Tu as dû recevoir une lettre de moi du 15 au soir, qui n’était pas longue, et qui était seulement pour te dire de n’être pas inquiète, et de ne pas croire aux fausses nouvelles qui pourraient courir dans les campagnes. Paris continue à être tranquille, comme disent les riches, c’est-à-dire qu’on ne se bat pas. Mais, pour répondre maintenant à toutes tes questions et tenir ma promesse, je vais te raconter aujourd’hui en détail comment j’ai passé la journée du 15.

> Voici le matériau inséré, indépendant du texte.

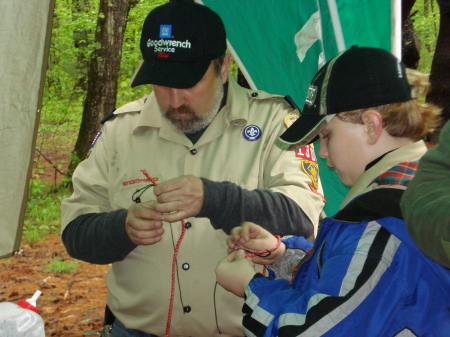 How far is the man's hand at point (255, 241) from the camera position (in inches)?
80.8

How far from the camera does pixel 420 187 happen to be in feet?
3.78

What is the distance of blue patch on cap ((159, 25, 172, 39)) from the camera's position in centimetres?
250

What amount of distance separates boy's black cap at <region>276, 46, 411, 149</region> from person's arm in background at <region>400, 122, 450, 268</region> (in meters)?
0.52

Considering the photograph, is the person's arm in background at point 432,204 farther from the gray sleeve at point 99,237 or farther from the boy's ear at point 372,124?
the gray sleeve at point 99,237

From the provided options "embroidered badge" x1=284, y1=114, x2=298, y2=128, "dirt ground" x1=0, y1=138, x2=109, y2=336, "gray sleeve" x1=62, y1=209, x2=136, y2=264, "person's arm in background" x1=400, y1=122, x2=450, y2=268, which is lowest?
"dirt ground" x1=0, y1=138, x2=109, y2=336

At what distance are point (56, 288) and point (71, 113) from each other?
6.90 metres

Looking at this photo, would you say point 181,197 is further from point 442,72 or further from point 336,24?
point 442,72

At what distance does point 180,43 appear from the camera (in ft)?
8.24

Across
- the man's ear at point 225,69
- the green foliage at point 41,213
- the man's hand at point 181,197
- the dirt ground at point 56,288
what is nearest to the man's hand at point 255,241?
the man's hand at point 181,197

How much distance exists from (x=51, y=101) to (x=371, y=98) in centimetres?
1123

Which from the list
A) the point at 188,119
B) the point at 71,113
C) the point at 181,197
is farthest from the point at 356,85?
the point at 71,113

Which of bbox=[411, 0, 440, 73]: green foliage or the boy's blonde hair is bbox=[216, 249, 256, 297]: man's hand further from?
bbox=[411, 0, 440, 73]: green foliage

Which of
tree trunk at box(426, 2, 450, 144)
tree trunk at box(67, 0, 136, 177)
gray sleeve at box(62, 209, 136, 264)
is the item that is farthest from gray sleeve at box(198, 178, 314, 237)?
tree trunk at box(67, 0, 136, 177)

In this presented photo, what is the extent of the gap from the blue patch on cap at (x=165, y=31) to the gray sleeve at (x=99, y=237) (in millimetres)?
762
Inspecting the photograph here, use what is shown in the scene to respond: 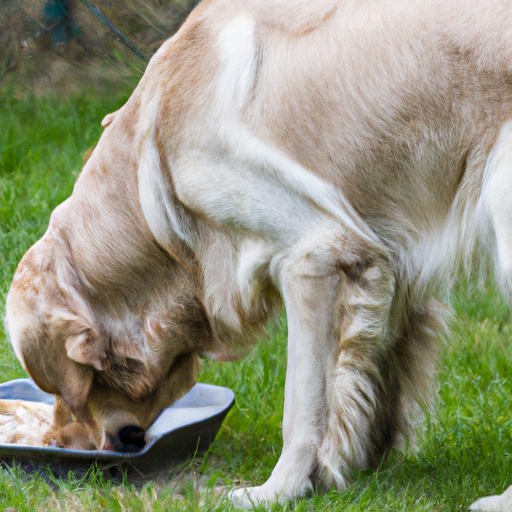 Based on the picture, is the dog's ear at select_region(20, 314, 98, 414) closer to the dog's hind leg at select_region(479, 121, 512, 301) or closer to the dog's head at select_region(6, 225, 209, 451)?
the dog's head at select_region(6, 225, 209, 451)

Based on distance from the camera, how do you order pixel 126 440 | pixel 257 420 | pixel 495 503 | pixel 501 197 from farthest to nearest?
pixel 257 420, pixel 126 440, pixel 495 503, pixel 501 197

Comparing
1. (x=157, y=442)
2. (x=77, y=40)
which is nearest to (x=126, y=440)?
(x=157, y=442)

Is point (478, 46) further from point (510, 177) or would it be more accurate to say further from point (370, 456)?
point (370, 456)

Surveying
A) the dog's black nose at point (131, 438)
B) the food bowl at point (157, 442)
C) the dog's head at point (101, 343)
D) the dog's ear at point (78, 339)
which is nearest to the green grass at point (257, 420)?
the food bowl at point (157, 442)

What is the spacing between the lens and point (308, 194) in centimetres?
308

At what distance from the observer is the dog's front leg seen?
3082mm

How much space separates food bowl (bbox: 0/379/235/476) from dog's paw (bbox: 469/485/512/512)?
118 cm

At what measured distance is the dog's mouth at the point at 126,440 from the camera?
3.66 m

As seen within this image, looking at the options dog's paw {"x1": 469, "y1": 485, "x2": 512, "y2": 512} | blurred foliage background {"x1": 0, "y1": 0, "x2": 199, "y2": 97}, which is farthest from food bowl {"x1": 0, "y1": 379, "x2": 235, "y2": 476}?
blurred foliage background {"x1": 0, "y1": 0, "x2": 199, "y2": 97}

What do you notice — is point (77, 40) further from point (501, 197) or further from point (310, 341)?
point (501, 197)

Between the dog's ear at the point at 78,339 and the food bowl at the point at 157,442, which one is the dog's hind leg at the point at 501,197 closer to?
the food bowl at the point at 157,442

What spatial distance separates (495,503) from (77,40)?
3329 mm

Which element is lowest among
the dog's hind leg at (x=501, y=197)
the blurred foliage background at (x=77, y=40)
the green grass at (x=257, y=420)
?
the green grass at (x=257, y=420)

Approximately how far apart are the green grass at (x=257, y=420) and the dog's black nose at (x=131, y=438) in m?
0.21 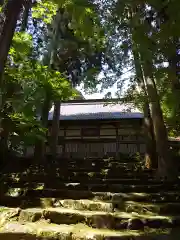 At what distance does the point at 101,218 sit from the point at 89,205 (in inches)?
36.6

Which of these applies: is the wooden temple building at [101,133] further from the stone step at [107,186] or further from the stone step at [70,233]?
the stone step at [70,233]

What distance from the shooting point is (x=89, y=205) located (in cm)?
655

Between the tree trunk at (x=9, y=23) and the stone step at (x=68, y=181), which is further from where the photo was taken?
the stone step at (x=68, y=181)

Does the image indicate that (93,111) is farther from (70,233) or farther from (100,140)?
(70,233)

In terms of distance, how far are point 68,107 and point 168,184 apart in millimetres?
14685

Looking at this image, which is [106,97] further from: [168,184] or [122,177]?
[168,184]

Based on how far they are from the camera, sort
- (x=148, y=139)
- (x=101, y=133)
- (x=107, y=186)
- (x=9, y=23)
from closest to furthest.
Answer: (x=9, y=23)
(x=107, y=186)
(x=148, y=139)
(x=101, y=133)

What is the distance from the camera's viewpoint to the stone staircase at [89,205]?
5.21 m

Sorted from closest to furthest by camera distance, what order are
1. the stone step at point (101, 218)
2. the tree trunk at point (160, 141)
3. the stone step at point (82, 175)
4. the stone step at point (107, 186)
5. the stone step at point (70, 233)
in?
1. the stone step at point (70, 233)
2. the stone step at point (101, 218)
3. the stone step at point (107, 186)
4. the tree trunk at point (160, 141)
5. the stone step at point (82, 175)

D’abord je ne voulais pas aller à la manifestation, parce que je t’avais donné ma parole de ne pas chercher le danger, et même de l’éviter, tant qu’il n’y aurait pas de lâcheté à le faire. D’ailleurs, j’avais entendu dire qu’il y avait des meneurs dans tout cela, et tu sais que je ne m’occupe pas de la politique des bourgeois. J’étais donc décidé à rester tranquille, et même à ne pas aller voir ce qui se passait, quand tout à coup j’entendis battre le rappel, et je vis passer devant notre porte des gens tout effarés qui disaient :

— On se bat, on tire sur le peuple du côté de l’Assemblée nationale.

Tu comprends que je ne pouvais pas rester les bras croisés, et je me mis à courir pour savoir ce que c’était et ce que j’avais à faire.